Thursday, July 23, 2020

Kid Creole and the Coconuts debut gets Sgt Pepper-like praise in the UK


Kid Creole and the Coconuts : Darrio...


In July of 1980 Kid Creole and the Coconuts released Off The Coast Of Me, their debut album. Rising from the ashes of Dr Buzzard's Original Savannah Band ( "Cherchez La Femme") the zoot-suited August Darnell took the name Kid Creole. His three skimpily dressed back up singers became the Coconuts. They combined Latin, reggae, calypso, disco, rap and rock and, as you can see below, their live shows were glorious! Without the visuals, this debut suffers a bit but the UK press ate it up."It was reviewed like Sgt Pepper," says Darnell, who recalls virtually "living in NME", so frequently did he appear in it. 

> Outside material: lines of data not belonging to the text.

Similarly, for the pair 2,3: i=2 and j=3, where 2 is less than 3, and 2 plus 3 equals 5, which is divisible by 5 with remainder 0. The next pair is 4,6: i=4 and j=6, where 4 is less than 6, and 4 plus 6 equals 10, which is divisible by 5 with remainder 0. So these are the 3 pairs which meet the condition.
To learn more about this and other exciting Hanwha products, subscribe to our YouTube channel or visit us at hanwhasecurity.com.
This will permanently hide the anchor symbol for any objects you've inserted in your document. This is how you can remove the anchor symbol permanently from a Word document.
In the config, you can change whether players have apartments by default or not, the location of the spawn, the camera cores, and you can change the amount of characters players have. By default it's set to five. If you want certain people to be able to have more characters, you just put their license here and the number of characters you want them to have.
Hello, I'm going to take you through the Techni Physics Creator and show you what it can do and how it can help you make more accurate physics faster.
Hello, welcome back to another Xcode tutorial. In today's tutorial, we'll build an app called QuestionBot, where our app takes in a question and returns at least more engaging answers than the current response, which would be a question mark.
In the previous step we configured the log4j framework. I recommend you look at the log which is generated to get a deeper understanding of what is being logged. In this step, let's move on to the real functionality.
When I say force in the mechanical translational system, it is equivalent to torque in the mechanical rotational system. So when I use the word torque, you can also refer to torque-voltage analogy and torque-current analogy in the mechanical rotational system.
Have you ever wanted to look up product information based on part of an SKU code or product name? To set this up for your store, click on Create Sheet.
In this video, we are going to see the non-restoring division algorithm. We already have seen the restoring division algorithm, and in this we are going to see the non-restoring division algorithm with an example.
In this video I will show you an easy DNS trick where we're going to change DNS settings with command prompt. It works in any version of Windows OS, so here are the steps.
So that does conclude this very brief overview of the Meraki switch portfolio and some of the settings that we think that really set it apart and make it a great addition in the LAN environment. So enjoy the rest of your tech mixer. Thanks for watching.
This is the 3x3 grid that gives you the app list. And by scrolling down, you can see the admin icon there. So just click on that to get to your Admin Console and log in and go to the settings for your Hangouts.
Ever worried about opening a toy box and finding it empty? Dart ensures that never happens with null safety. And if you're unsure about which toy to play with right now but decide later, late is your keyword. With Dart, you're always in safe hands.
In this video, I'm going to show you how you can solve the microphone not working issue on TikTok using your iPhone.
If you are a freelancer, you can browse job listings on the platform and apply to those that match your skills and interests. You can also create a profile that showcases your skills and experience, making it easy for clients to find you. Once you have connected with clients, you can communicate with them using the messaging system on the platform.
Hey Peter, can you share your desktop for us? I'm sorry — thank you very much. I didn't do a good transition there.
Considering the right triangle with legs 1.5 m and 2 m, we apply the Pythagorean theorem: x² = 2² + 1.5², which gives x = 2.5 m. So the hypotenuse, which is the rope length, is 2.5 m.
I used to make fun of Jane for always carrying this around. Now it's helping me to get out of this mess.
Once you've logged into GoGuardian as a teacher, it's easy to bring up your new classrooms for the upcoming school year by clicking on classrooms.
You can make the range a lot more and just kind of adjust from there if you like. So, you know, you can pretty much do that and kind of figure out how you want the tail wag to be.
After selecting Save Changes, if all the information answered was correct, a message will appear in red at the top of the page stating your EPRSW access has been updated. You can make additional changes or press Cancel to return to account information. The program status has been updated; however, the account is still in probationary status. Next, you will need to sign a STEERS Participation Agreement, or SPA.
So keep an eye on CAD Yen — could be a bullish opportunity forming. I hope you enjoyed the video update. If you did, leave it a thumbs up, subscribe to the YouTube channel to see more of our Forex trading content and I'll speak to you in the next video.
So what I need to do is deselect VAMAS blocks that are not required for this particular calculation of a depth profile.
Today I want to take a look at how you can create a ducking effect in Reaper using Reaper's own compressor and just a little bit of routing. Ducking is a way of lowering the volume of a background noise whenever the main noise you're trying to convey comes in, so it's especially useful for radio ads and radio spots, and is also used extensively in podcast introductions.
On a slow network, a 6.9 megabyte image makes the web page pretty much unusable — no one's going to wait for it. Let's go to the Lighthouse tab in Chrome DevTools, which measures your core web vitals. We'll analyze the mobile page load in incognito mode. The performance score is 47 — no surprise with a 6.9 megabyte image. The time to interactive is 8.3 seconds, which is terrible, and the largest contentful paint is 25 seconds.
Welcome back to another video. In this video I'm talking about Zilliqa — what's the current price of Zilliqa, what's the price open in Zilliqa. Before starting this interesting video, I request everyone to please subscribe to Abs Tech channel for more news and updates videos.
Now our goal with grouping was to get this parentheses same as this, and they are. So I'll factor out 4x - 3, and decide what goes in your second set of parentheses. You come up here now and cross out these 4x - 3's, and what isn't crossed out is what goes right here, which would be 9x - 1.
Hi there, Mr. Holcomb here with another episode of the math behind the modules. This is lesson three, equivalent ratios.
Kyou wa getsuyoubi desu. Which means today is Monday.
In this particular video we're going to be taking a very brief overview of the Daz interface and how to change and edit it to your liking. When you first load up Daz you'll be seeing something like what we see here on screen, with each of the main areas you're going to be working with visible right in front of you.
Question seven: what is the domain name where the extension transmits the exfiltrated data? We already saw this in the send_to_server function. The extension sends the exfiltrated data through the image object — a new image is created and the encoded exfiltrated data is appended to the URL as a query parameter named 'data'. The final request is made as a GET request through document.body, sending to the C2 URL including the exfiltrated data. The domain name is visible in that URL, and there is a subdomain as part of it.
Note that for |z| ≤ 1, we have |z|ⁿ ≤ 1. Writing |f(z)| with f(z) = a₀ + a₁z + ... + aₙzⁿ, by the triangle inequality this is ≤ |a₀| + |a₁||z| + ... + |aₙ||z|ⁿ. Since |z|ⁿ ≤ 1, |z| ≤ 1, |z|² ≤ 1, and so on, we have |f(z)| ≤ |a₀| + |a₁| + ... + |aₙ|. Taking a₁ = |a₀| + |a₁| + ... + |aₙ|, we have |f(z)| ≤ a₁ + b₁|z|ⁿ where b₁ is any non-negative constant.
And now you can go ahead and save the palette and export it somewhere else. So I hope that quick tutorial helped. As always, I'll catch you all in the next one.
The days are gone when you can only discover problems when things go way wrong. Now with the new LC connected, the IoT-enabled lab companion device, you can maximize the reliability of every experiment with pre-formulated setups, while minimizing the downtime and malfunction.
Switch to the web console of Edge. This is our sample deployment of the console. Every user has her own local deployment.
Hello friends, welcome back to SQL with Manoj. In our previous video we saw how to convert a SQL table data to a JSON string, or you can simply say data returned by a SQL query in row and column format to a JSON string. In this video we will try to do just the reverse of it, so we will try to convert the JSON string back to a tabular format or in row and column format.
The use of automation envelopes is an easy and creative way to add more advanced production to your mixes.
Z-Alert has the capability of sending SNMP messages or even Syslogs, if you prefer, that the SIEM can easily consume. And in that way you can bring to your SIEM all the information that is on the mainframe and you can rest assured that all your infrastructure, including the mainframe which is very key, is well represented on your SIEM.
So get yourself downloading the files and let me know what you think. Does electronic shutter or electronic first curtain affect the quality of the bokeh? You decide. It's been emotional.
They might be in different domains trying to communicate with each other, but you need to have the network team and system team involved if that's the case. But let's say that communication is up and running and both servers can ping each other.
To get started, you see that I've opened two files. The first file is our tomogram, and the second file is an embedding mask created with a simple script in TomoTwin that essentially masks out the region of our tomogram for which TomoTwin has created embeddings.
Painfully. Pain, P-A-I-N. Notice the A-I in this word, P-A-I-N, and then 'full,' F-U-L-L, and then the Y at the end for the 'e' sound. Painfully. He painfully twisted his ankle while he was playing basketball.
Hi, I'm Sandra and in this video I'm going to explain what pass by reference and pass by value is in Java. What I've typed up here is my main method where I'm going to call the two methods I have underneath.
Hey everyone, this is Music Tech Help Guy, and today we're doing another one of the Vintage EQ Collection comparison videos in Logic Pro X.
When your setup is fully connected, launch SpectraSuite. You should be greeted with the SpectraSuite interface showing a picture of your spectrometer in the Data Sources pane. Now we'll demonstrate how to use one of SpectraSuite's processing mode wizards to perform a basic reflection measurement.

Back in America, Robert Christgau gave the album a grade of B+ writing:

Reformed high school teacher August Darnell having split with black-sheep bro Stoney Browder, the music thins out--Dr. Buzzard's progressive retro is hard to top, Darnell's naturally sarcastic voice short on bottom. So the not exactly all-embracing "Calypso Pan-American" and "Off the Coast of Me" neither justify nor transcend their distanced tone (typically, the title tune affects a megaphone filter), while comedy numbers like "Bogota Affair" (the effete Creole as cuckold), "Mr. Softee" (the effete Creole as limp-dick), and "Darrio . . ." (the effete Creole as new-waver) are simple and strong. When clever means this clever, maybe we should settle.

And this from Smash Hits:



Kid Creole and the Coconuts would live up to their hype with the sophomore album Fresh Fruit in Foreign Places, which would make NME's top10 albums of 1981.